= Beginning of Section =
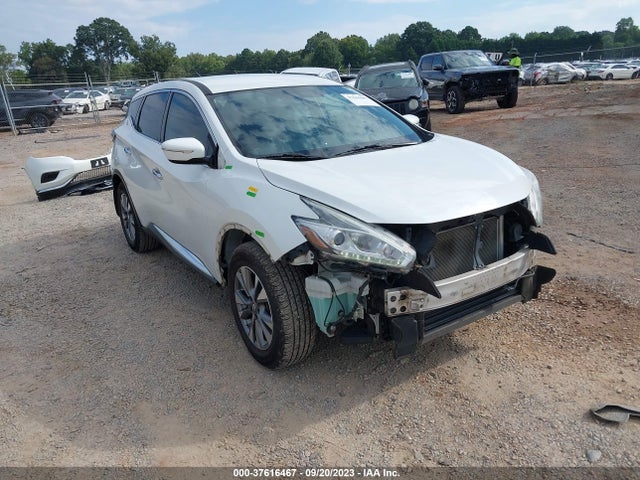2015 NISSAN MURANO S VIN: 5N1AZ2MH8FN269246
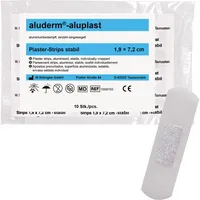 aluderm® Pflaster aluplast 1,9 x 7,2 cm (B x L) nicht elastisch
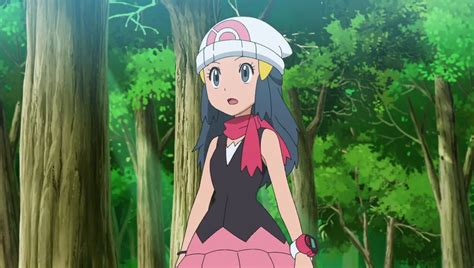 Dawn No Anime Pokémon Journeys Pokemon Anime Anipoke Pokegirl Dawn Pokémon Diamond And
= End of Section =
**WORK ITEM**.
Go through the listing above and write it out again exactly, dropping the pictures.

**YOUR SOLUTION**.
2015 NISSAN MURANO S VIN: 5N1AZ2MH8FN269246
 aluderm® Pflaster aluplast 1,9 x 7,2 cm (B x L) nicht elastisch
 Dawn No Anime Pokémon Journeys Pokemon Anime Anipoke Pokegirl Dawn Pokémon Diamond And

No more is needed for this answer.